Part 3: Matrix Mastery in Parallel – Crunching Numbers on Grids and Cubes

Matrix operations are central to many scientific and engineering applications.

Mesh Transpose: Transposing an $N \times N$ matrix distributed on an $N \times N$ mesh of processors. Element $A[i,j]$ stored at $P_{i,j}$ needs to move to $P_{j,i}$ . This involves routing data along rows and then columns (or vice versa). Can be done in $O(N)$ time.
Shuffle Transpose: Matrix transposition on architectures that support shuffle interconnections.
EREW Transpose: Transposing a matrix on an EREW PRAM model. Can be done efficiently by having each element write itself to its transposed position, handling write conflicts if a CREW model isn't assumed. With $N^2$ processors for an $N \times N$ matrix, it can be done in $O(1)$ after initial index calculation if concurrent reads for indices are allowed, or $O(\log N)$ using prefix sums for address calculation on a true EREW.
Mesh Multiplication ( $C = A \times B$ ): For $N \times N$ matrices on an $N \times N$ mesh.
- Cannon's Algorithm: A classic algorithm. It involves initial alignment (skewing) of matrices A and B, then $N$ steps of circular shifting rows of A, circular shifting columns of B, and performing local multiply-accumulate operations. Takes $O(N)$ time.
Cube Multiplication: Matrix multiplication on a hypercube architecture. Data is distributed, and elements are broadcast/rotated along dimensions to allow processors to compute their share of the product matrix.
Matrix by Vector Multiplication ( $y = Ax$ ):
- If matrix $A$ is distributed row-wise, each processor $P_i$ computes a part of the output vector $y_i = \sum_j A_{ij} x_j$ . This requires broadcasting the vector $x$ or parts of it.
- If $A$ is distributed column-wise, each $P_j$ computes $A_{:,j} x_j$ and then these partial vectors are summed up (a reduction).
Tree Multiplication: Performing matrix-vector or matrix-matrix multiplication on a tree-connected architecture. Data flows up and down the tree for broadcasts and reductions.

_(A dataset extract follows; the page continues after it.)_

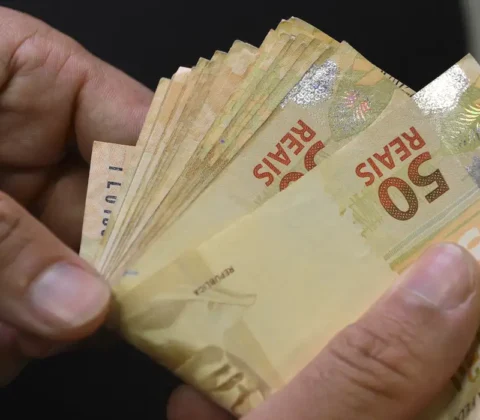 Imagem do post Novo salário mínimo de R$ 1.621 entra em vigor nesta quinta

Part 4: Numerical Problem Solving in Parallel – From Equations to Eigenvalues

Many complex numerical problems benefit greatly from parallel computation.

Linear Equations (Solving $Ax=b$ ):
- SIMD Algorithm: For dense systems, parallel versions of Gaussian elimination or iterative methods (like Jacobi or Gauss-Seidel relaxation) can be implemented on SIMD architectures (e.g., mesh, hypercube). Operations like row/column broadcasts and reductions are key. For sparse systems, different parallel approaches focusing on graph partitioning of the matrix are used.
Roots of Nonlinear Equations ( $f(x)=0$ ):
- MIMD Algorithm: Methods like bisection, Newton-Raphson, or secant method can be parallelized. For instance, if searching for multiple roots, different processors can explore different initial guesses or intervals concurrently on an MIMD machine. For a single root, parallelism might involve parallelizing function evaluations if they are expensive.
Partial Differential Equations (PDEs):
- Often solved using finite difference, finite element, or finite volume methods, which discretize the domain into a grid.
- Parallelism is natural: each processor handles a subgrid and exchanges boundary data with neighbors. This maps well to mesh-connected architectures.
Computing Eigenvalues:
- Important in many scientific and engineering problems. Algorithms like the QR algorithm, Jacobi method, or divide-and-conquer methods can be parallelized. Parallelism often involves parallelizing matrix operations (multiplications, factorizations) within these algorithms.
Monte Carlo Methods: Use repeated random sampling to obtain numerical results.
- Inherently parallel: each sample (or batch of samples) can be computed independently by different processors.
- Parallel Random Number Generators (PRNGs): Crucial for Monte Carlo. Need PRNGs that can generate multiple independent streams of random numbers across processors, ensuring statistical quality and reproducibility.
- Random Number Distributions: Generating random numbers from various distributions (uniform, normal, exponential, etc.) in parallel for simulations.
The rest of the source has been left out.